A Stirling number identity representing the second-order Eulerian numbers.
Graham, Knuth, and Patashnik give in CMath a thorough introduction to the Stirling numbers. On table 250 and table 251, they compile two pages of Stirling number identities.
Of course, there are many more such identities. We give here one which is not included and which we could not find anywhere else (which means little), but Knuth would perhaps like. They can be proved with the techniques from CMath.
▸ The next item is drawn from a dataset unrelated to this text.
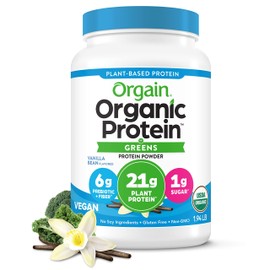 Orgain Orgain Organic Vegan Protein Powder + Greens, Vanilla Bean - 21g Plant Based Protein, 6g Prebiotic Fiber for Gut Health, Gluten Free, No Lactose Ingredients, No Sugar Added, Non-GMO - 1.94lb
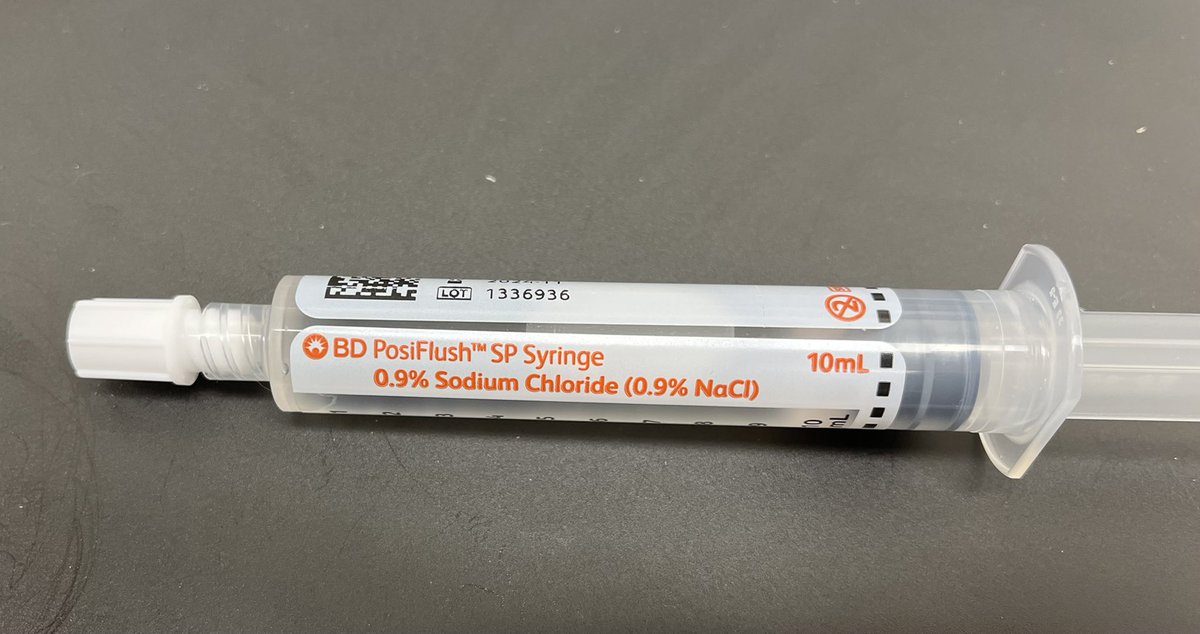 SchroeckHedi's tweet image. So, recently, our prefilled saline flush comes with a bright red label. Why, oh why???
@APSForg #medicationerror #alarmfatigue #patientsafety #HighAlertDrug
Maybe someone enjoys showing us the proof?
As in CMath, the Stirling cycle numbers are unsigned. {n, k} and [n, k] are defined for 0 <= k <= n, and for this range the following identity holds:
$$ \sum \limits_{j\,=\,0}^{k} (-1)^{k-j}\binom{2n+1}{k-j} {n+j \brace j} = \sum \limits_{j\,=\,0}^{n-k} (-1)^j \binom{2n+1}{j} {n+m \brack m} $$
For better readability we use the shortcut $ m = n-k-j+1$.
References to the OEIS are A132393, A048993, and A340556.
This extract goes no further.